But Sotomayor was a reluctant Cassandra. She immediately tried to explain away her admission and tripped over the theory of holes: when stuck in a hole, stop digging. “And I know this is on tape and I should never have said that,” she confessed in a mea culpa moment. Then she plowed ahead like Roy Riegels, gripping the ball securely as he ran the wrong way in the Rose Bowl.

“I know, I know. We don’t make law. I know. I know.” That brought a wave of laughter at Duke Law School, as it would at any other. Wisely or not, Sotomayor was making a joke. She knows, and everyone in that room knew, that judges make law. Her denial was undeniably pro forma. It was, “We don’t make law.” (Wink, wink, yuk, yuk.) We, the intelligentsia, know better. But be careful not to tell the peasants.

If there is any doubt, one need only listen to the explanation that followed. At the district court level, she explained, the rulings are not “precedential,” so they are based on law and facts, and “the facts control.” But in a court of appeals, rulings are handed down that establish precedents that both appellate and district courts are likely to follow in future judgments. And in making said rulings, one must look at where precedent has been and where it is headed. And the judge looks at what impact his or her ruling will have “on the next step in the development of the law.” (Emphasis added.) But “we don’t make law.” Yes, Judge Sotomayor. We know. We know.

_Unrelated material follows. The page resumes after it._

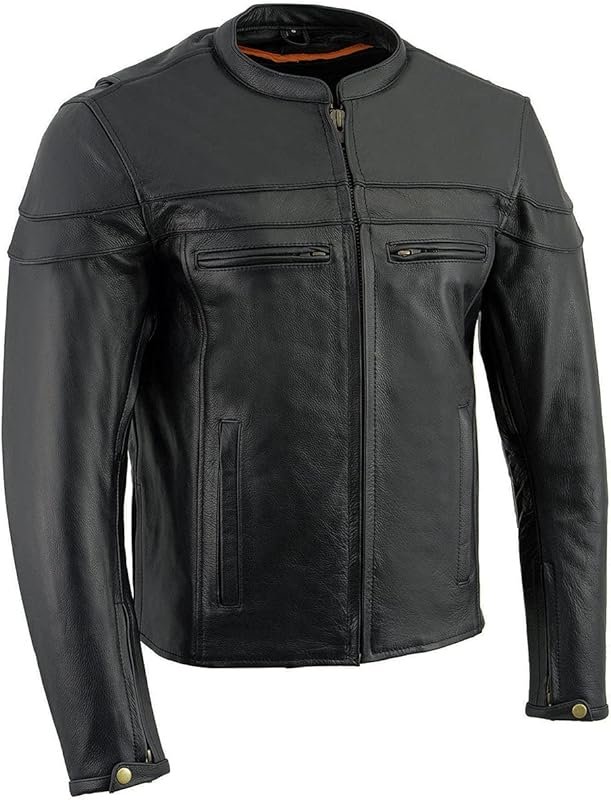 Milwaukee Men's Premium Leather Vented Scooter Jacket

Here we have a Supreme Court nominee confirming virtually everything conservatives, libertarians, and constitutionalists have been saying about judicial activism for the past half-century. Sotomayor has waved a red flag in front of Senate Republicans who have been condemning judicial activism in every election campaign and then voting to confirm every judicial activist nominated for the Supreme Court and lesser courts. Sotomayor waved the flag. Will the Republican elephant charge? Or will it do what it did for Clinton nominees Ginsburg, Breyer, and others — roll over and play dead?

There may, after all, be no point in breaking with precedent.